Raoni denuncia MP do royalty indígena ao presidente da França

Principal liderança indígena do Brasil afirmou que medida pode trazer danos para a biodiversidade e para os próprios índios

Paulina Chamorro, André Borges, O Estado de S.Paulo

02 de dezembro de 2015 | 13h40

O plano do governo brasileiro de editar uma medida provisória para liberar a exploração de terras indígenas por meio de compensação financeira repercutiu na Cúpula do Clima (COP 21), que acontece em Paris. Em encontro realizado nesta quarta-feira, 2, com o presidente francês, François Hollande, o cacique Raoni, principal liderança indígena no Brasil, relatou a preocupação com a proposta.

Em entrevista à Rádio Estadão, Raoni disse que a medida provisória foi uma surpresa para ele e que o assunto foi tratado na conversa com Hollande, que recebeu a notícia com apreensão. Raoni estava com uma cópia da medida provisória.

"Esse documento que recebi foi uma surpresa para mim. Eu entreguei o documento para ele, tratei sobre isso. A minha preocupação é com isso agora. Já tinha a PEC 215 e, de repente, eu fico sabendo disso. Isso vai causar muito problema para os indígenas", afirmou Raoni.

O líder indígena pediu a Hollande que trate sobre o assunto com a presidente Dilma Rousseff. "Essa medida provisória pode causar muitos danos, não só para a comunidade indígena, mas também para a biodiversidade. Eu pedi para ele tentar conversar sobre essa questão com a presidente Dilma."

O Estado teve acesso ao texto integral da MP. A compensação financeira que foi estabelecida corresponde a um índice de 2% sobre o valor da terra. O cálculo desse valor levaria em conta uma fórmula que considera o preço estimado da terra calculado pelo Incra, multiplicado por cada metro quadrado que seja afetado pela obra.

No caso dos projetos hidrelétricos, há ainda a previsão de uma participação financeira dos índios nas operações das usinas, com um adicional de 0,6% sobre o preço da compensação financeira preestabelecida por conta do impacto em suas terras. Esse valor deverá ser pagos anualmente.
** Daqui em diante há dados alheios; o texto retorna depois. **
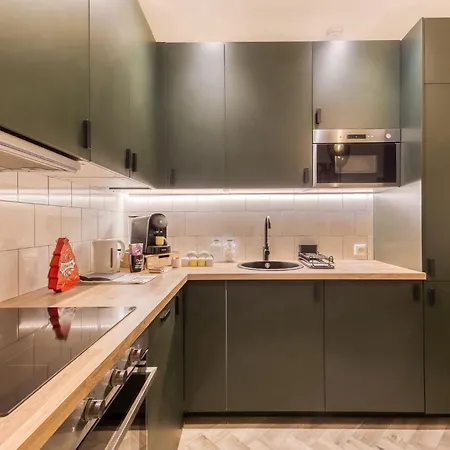 Apartment Moderne Avec Terrasse Parking Gratuit Montreuil (Seine-Saint-Denis)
Para administrar a arrecadação e os repasses, foi estabelecida a criação de um fundo. O Fundo de Apoio aos Povos Indígenas (Fapi) será tocado por um comitê gestor presidido pelo Ministério da Fazenda, com participação dos Ministérios do Planejamento, Orçamento e Gestão e do Ministério da Justiça. Os recursos serão centralizados em uma conta na Caixa Econômica Federal. Em nenhum momento, a MP menciona a participação da Fundação Nacional do Índio (Funai).